Do we have to forget about it, then?
There is a certain part of remembering that needs to happen just to help us be cautious and not put ourselves in situations where we will be hurt again.
However, the memory of our hurts may well recur in a way that invites us to reintroduce the sharp rock into our soul and let it fester again.
It is at those times that we must purposely reject those memories.
I read recently that Clara Barton, who founded the American Red Cross, was reminded by a friend about something hurtful that someone had done to her in the past. She responded, “I distinctly remember forgetting that.” http://pawprints.kashalinka.com/anecdotes/clara-barton
This is exactly what we need to do, too. When that hurtful, sharp memory tries to invade our souls again, we must reject that thought. Personally, I say to myself, “I choose to forgive.” I also pray in that moment if the memory is particularly sharp, and yield the thought to God, asking His help in the process of forgiveness, even praying that the Lord will bless that person with the knowledge of Him and bring them to repentance.
Something new that I’ve been trying is helping, as well.
I noticed something that I had missed in Ephesians 4:32, even though I’ve read it and meditated on it many times before.
“Be kind to one another, compassionate, forgiving each other, just as God in Christ also has forgiven you.“ NASB
Somehow, in the past, I split that verse in two. I read it as though there were two different commands for two different groups of people; I thought (without realizing it) that I was to be kind and compassionate to everyone except the ones who had hurt me. I only had to forgive them. Of course, I knew that if I was ever face to face with them, I would be expected to be kind. But it never occurred to me that maybe planning acts of kindness toward them, asking God to show me ways to be kind to them, or praying kind prayers for those whom I need to stay away from, might be in order.
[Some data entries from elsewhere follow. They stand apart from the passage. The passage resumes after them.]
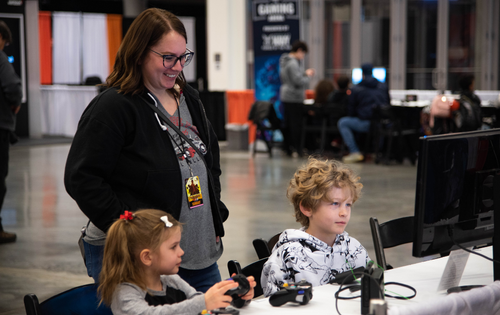 a mom watching her daughter and son play a video game on a computer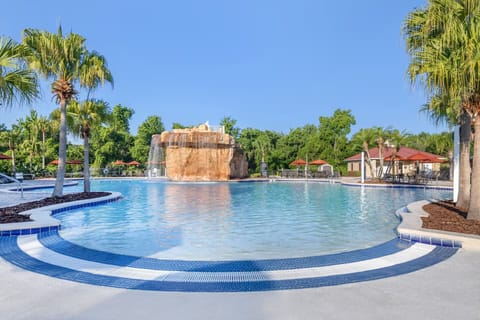 Unwind in a wide, sunlit pool with waterfall views.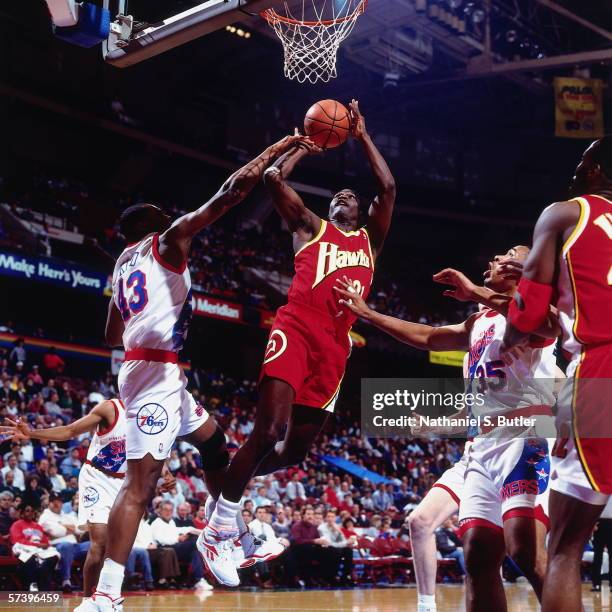 Dominique Wilkins of the Atlanta Hawks shoots a jump shot against Clarence Weatherspoon of the Philadelphia 76ers during a game at The Spectrum on...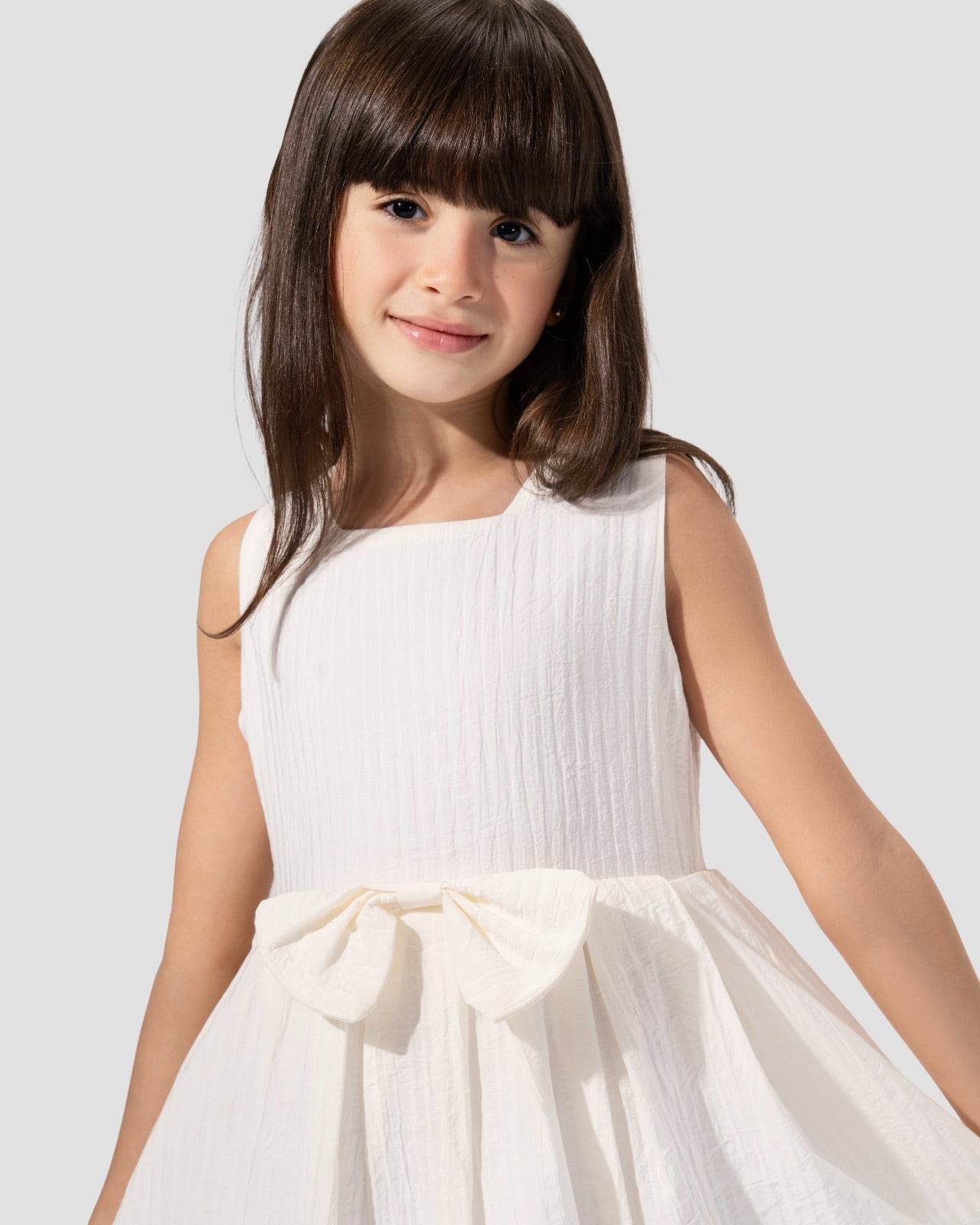 Textured sleeveless dress with a round neckline and a flared skirt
I’ve found since I started practicing that, that joy has invaded my heart and helps keep the negative thoughts and feelings at bay. Imagine that! Here some of us thought (though we may not admit it) that God was trying to force something unpleasant on us when He told us to forgive, but all along He wanted to bless us with joy and freedom!
Today, I’m thankful for shoes that protect my feet.
I’m thankful that I don’t have to keep a rock in my shoe if it happens to invade that tender spot between my foot and the sole.
I’m thankful that I don’t have to keep sharp and hurtful thoughts around in the tender spot of my soul, either.
I’m thankful for new insights to God’s written word.
And I’m thankful for the joy that God gives when we truly forgive and seek ways to have kind and compassionate thoughts toward those who have hurt us.
What about you? Have you ever experienced the pain of having a rock or some other foreign object in your shoe? Can you relate to this illustration? What works for you to get the painful sharp memories out of your soul and keep them out?